However, it is important to judge a film on its own merits and that’s what I’m going to do here. ‘The New Mutants’ is definitely disappointing and a damp squib to end 20 years of the X-Men universe on, but it is also watchable and not terrible (which I’m aware are not glowing reviews).
It has quite a generic and poorly written script, that is packed full of exposition and struggles to find a consistent tone. The film is stuck between being a YA drama, a straight up horror, and a standard superhero film, and in the end, it becomes neither and that’s a massive problem.
The cast do the best they can with the roles, but there isn’t much significant material to work with for many of them, and that’s a shame because we essentially only have 6 characters in one location for the entire movie, so we should’ve been able to connect to them more.
There are two things that I felt were definite positives here. The first is Anya Taylor-Joy as Illyana Rasputin, easily the best character in the film and it’s main stand out. She not only provides the film with its only engaging action scenes due to her dimension jumping powers and magic sword, but she is also the most compelling.
She has a dark backstory that is only hinted at here but there’s enough to work out what likely happened to her.

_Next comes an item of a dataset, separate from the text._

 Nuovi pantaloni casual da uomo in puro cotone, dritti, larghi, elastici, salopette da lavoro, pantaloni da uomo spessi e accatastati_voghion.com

She is erratic, moody, at times childish (in many ways she’s like a mutant Villanelle from Killing Eve), and she has some of the films funniest lines.
It was entirely unnecessary and deeply frustrating that she is made to say some racist comments at the start of the film that really dampens the character. But in general, Anya Taylor-Joy does a great job here and I wish we would get the chance to see her more in future films. The best moment of the film is when someone says “don’t do that, he’s magic” and Illyana (aka Magik) replies “so am I” before heading into battle.
The second positive from this film is the entirely natural same-sex relationship between Blu Hunt and Maisie Williams’ characters. It isn’t treated as anything different than it should be, just two young people with great attraction and affection for each other, expressing it in a natural way. It is really time for the major franchises to catch up when it comes to representation.
Overall, there are some promising elements here that were never properly put together, and it’s a shame we will likely never see these specific iterations of these characters again.